Their exits have left the prospective sales bonanza wide open for A.B.S. by Allen Schwartz, considered one of the copycat kings who has worked the Oscars angle for about 15 years. His take on the re-creations business? It’s a win-win for retailers and consumers: “I’m into marketing and making money and this makes money for the stores and me, and generates amazing buzz,” Schwartz said.

And a publicity machine it is.

Schwartz said last week was a blur of media interviews with Katie Couric on NBC’s “Today” show, as well as appearances on “ET,” “Access Hollywood” and other programs. His assessment of this year’s affair was glowing — a glam slam, replete with elegant, understated looks.

The solemnity of a nation at war helped keep the looks in modest check, he said. In addition, new and emerging style icons, including Scarlett Johansson, Natalie Portman and Emmy Rossum, enhanced the ladylike nature of the evening.“They represent a contemporary mix of good taste and glamour — it’s not about T&A or selling sex,” Schwartz said. “The whole thing about being appropriate and showing respect is more important than ever.”

He chose six designs for his adaptations: Cate Blanchett’s yellow, one-shouldered look (Valentino), Charlize Theron’s strapless aqua blue gown with tiered netting (Dior Couture by John Galliano), Portman’s Grecian number (Lanvin), Halle Berry’s one-shouldered, champagne-colored gown (Atelier Versace), Rossum’s strapless dress (Ralph Lauren) and Gwyneth Paltrow’s pale pink strapless gown (Stella McCartney). To give them consumer appeal, he’ll doctor them by removing the trains, toning down the colors and shrinking the bustles.

The line of replicas will ship in May and June and will wholesale from $150 to $200 in fabrics such as satin, velvet and taffeta.

Schwartz’s least favorite dress was the backless body-skimmer with a high front designed by Guy Laroche and worn by best-actress winner Hilary Swank.

“It was restricting — it looked like Lauren Bacall should have worn it,” he said.

Another Oscars watcher and reinterpreter is L.A.-based WWW Collections, whose wholesale price points range from $49 to $149. The colors and drama of this year’s event are what caught the eye of WWW Collections’ sales manager, David Bershad.
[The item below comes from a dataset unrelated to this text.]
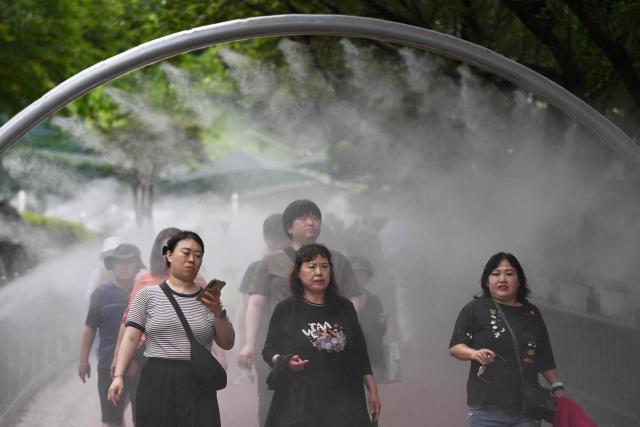 People walk through mist being sprayed to cool visitors at the Gwangmyeong Cave tourist site in Gyeonggi province on August 5, 2026. South Korea has been sweltering in a streak of searing weather -- new all-time highs were set three times over the past week alone, peaking at 42.5C on August 2. (Photo by GREG BAKER / AFP)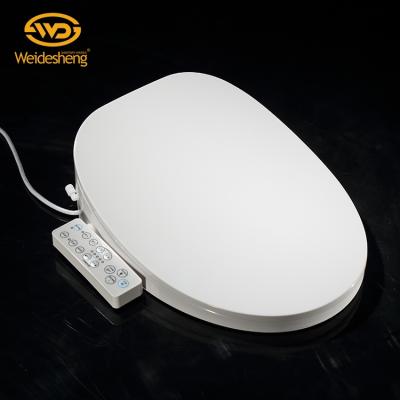 China Electronic Multifunctional Comfortable Pure White Bidets Remote Control Smart Toilet Seat Cover for sale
“The ruffling, the jeweled trims and the brooches — the gowns looked so rich,” he said.

Topping his list of salable fashions were the frothy looks worn by Theron and Ziyi Zhang, who donned a Monique Lhuillier gown adorned in ruffles. Bershad plans to co-opt the designs in skirt looks using stretch taffeta and silk organza for June shipments.

“Our whole existence in the past four years has focused on evening separates,” he said.

While most designers applauded the design concoctions displayed at the Oscars, some rued the perfection of it all. Juniors’ dress doyenne Jessica McClintock was hoping for a little more fashion derring-do.

“Something had been diminished about it,” she said. “I saw beautiful women…timeless pieces, but how many times can I see a timeless piece?”McClintock said the glamour of the show was in step with requests from her teenage consumers shopping for prom this year, from the netting and lace on Theron’s gown to the stretch charmeuse, jewel-encrusted pizzazz of Kate Winslet’s dress designed by Badgley Mischka.